Over the past year and a half, Trump has campaigned on an inflammatory platform of racism, sexism, prejudice, and white supremacist values. This rhetoric has incited violence at his rallies and created a culture of fear among those who feel that the establishment and the elite have left them behind. These people came out to vote on Tuesday night in unanticipated numbers in rural and urban environments alike, while apathetic Independents and over-confident Democrats stayed home. Many of those who couldn’t believe a man accused of multiple counts of sexual assault, among other accusations, could ever become president awoke to the unbelievable reality of a new national order. Students took to Facebook and other social media platforms to express their disappointment and disbelief at a scenario that feels concerningly dystopian and nightmarish.
America’s disenchanted voting population spoke for our nation on Tuesday night. In doing so, they have called for a reversal of all the accomplishments of the Obama administration, including a repeal of Obamacare. They voted for the potential for three new conservative judges on the Supreme Court, which forebodes the possible overturning of the current Supreme Court’s decision to legalize gay marriage nationwide. They voted for a multibillion-dollar wall to be erected on the U.S./Mexico border. They voted to defund Planned Parenthood and the essential services it provides for women nationwide. In the early hours of Wednesday morning, America sent a message to the rest of the world that we are okay with a man who demonizes Muslims as terrorists and plans to aggravate tenuous relations in the Middle East by initiating all out bombings on the Islamic State. We excused months of erratic and senseless tweets, insults directed at veterans and military families, hateful comments toward Latinos and the black community, and ignorant remarks about women and the female body. We forgot that our diversity makes us great and instead supported a belief system of exclusivity and discrimination – the belief system that will govern us for the next for years if we admit defeat and allow it to.
As Obama’s presidency comes to a close, Trump’s looming inauguration is a sobering reminder of the privileges we have enjoyed under an inclusive and respectful administration. Let us not forget the progress we have seen in our lifetimes or the dreams for progressive change that inspired us to rally around Bernie Sanders and then nominate Hillary Clinton as the first female presidential candidate in the hopes of shattering the glass ceiling.
It is our hope that this unprecedented outcome serves to inspire and unite future leaders, policymakers, and activists within our university and throughout the country. It is up to us, the up-and-coming changemakers and public servants, to bridge the gaps between parties, generations, socioeconomic classes, and those who feel neglected by the nation they call home.

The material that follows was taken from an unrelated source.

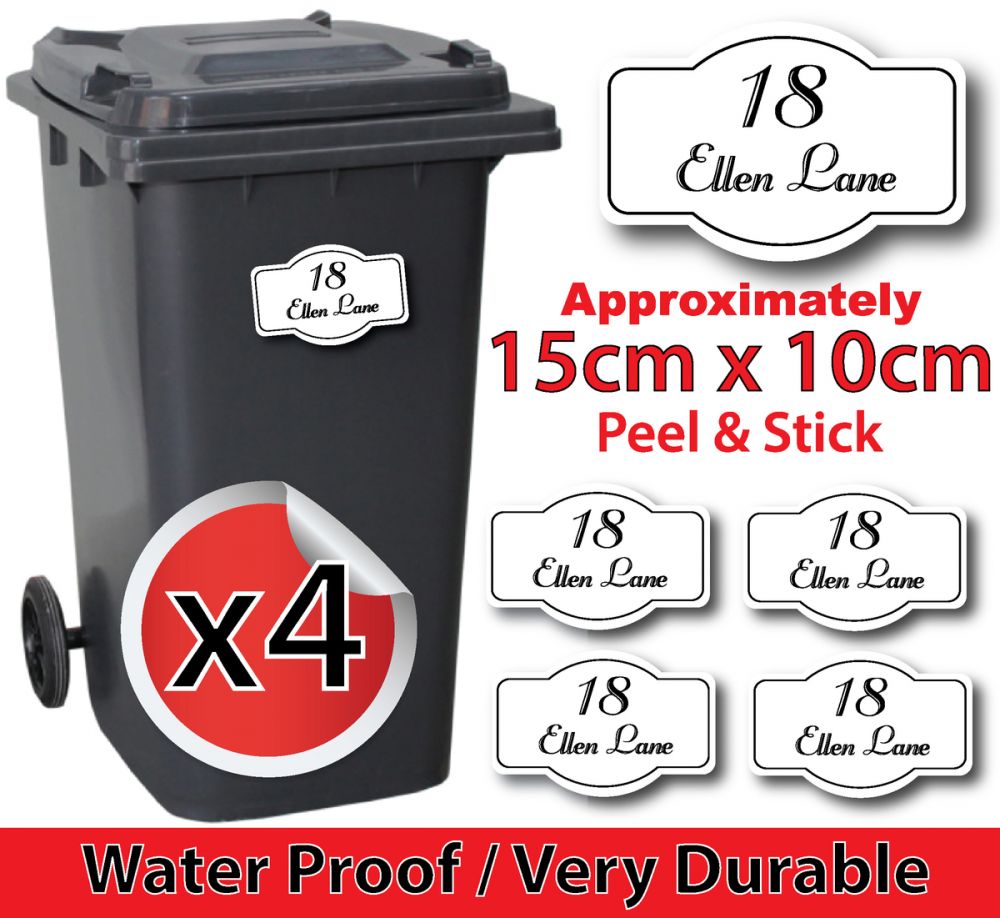 x4 Personalised Number & Street Name Wheelie Bin Stickers (Vintage longcurve688)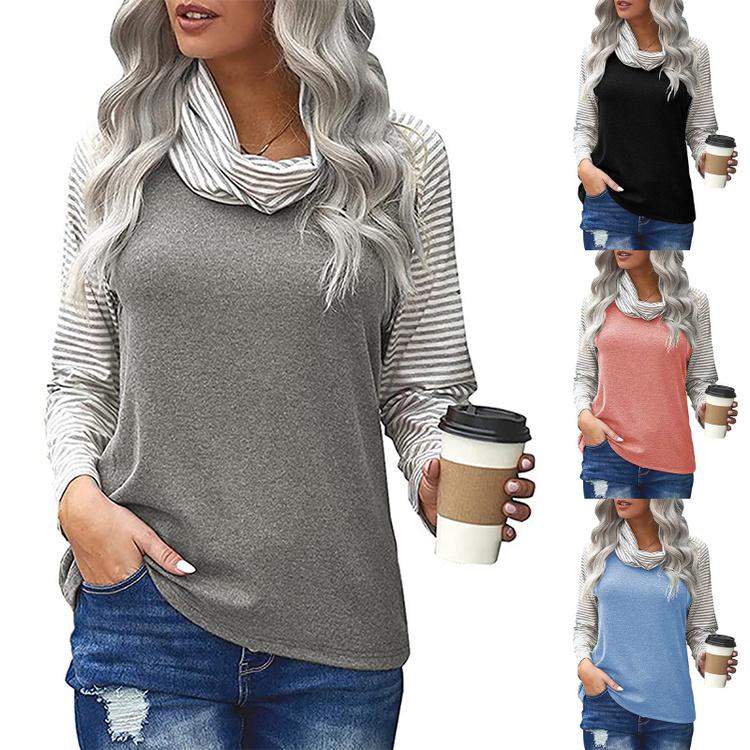 

Женский полосатый пуловер с цветными блоками в стиле пэчворк, женский осенний свитшот с длинными рукавами, свободный джемпер с высоким воротом, топы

The Hill News stands with those in the St. Lawrence community who feel unsafe or attacked by the president-elect. We continue, however, to offer our pages as spaces for respectful and meaningful discussion among students, faculty and staff members, and alumni of differing beliefs. In this period of darkness, we have faith that our community can remain a candle in what is perhaps the greatest wilderness we’ve ever encountered.